**To do**
Among the lines below, the one containing "デイト / D.A.T.E." opens the range and the one containing "Sublevel Professional Blouse" closes it. Print that range exactly, without the pictures.
-- Data records follows --
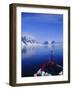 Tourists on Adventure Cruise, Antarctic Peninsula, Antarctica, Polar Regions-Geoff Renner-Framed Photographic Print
-- Data records concluded --
-- Data records follows --
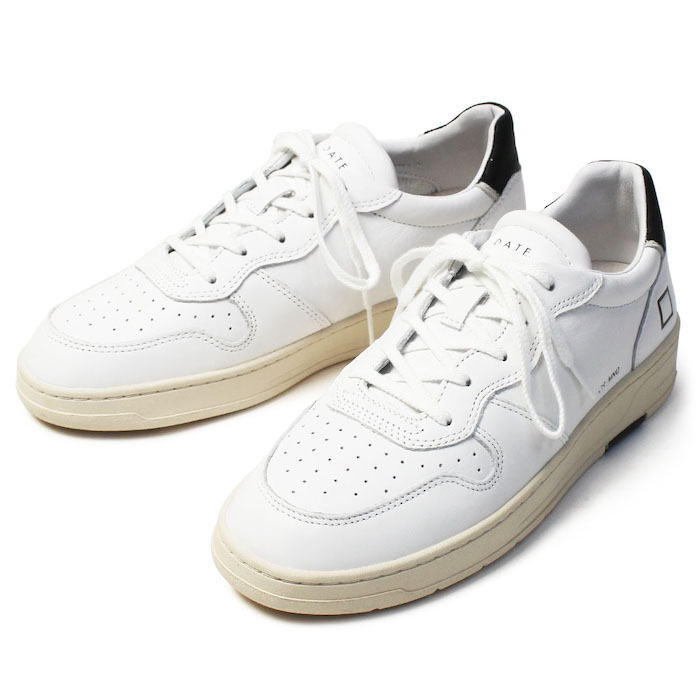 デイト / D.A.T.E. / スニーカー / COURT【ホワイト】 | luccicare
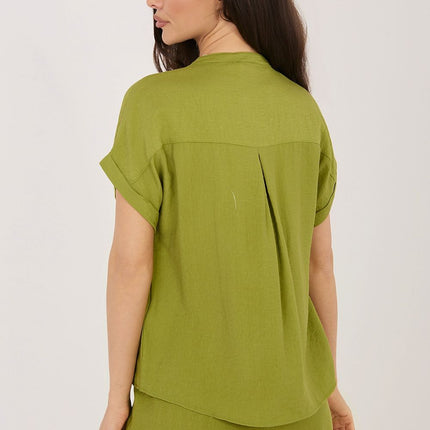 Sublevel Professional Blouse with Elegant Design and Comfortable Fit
-- Data records concluded --
-- Data records follows --
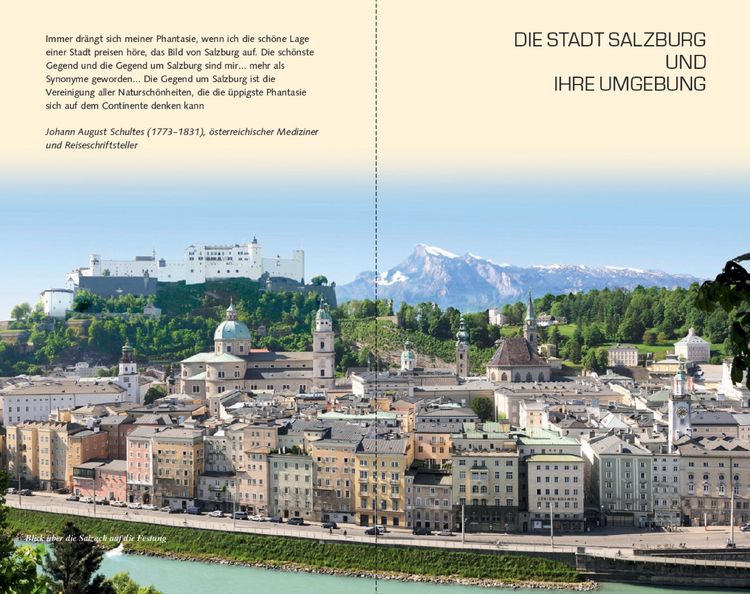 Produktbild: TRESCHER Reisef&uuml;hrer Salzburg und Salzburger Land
-- Data records concluded --
**Task result**
 デイト / D.A.T.E. / スニーカー / COURT【ホワイト】 | luccicare
 Sublevel Professional Blouse with Elegant Design and Comfortable Fit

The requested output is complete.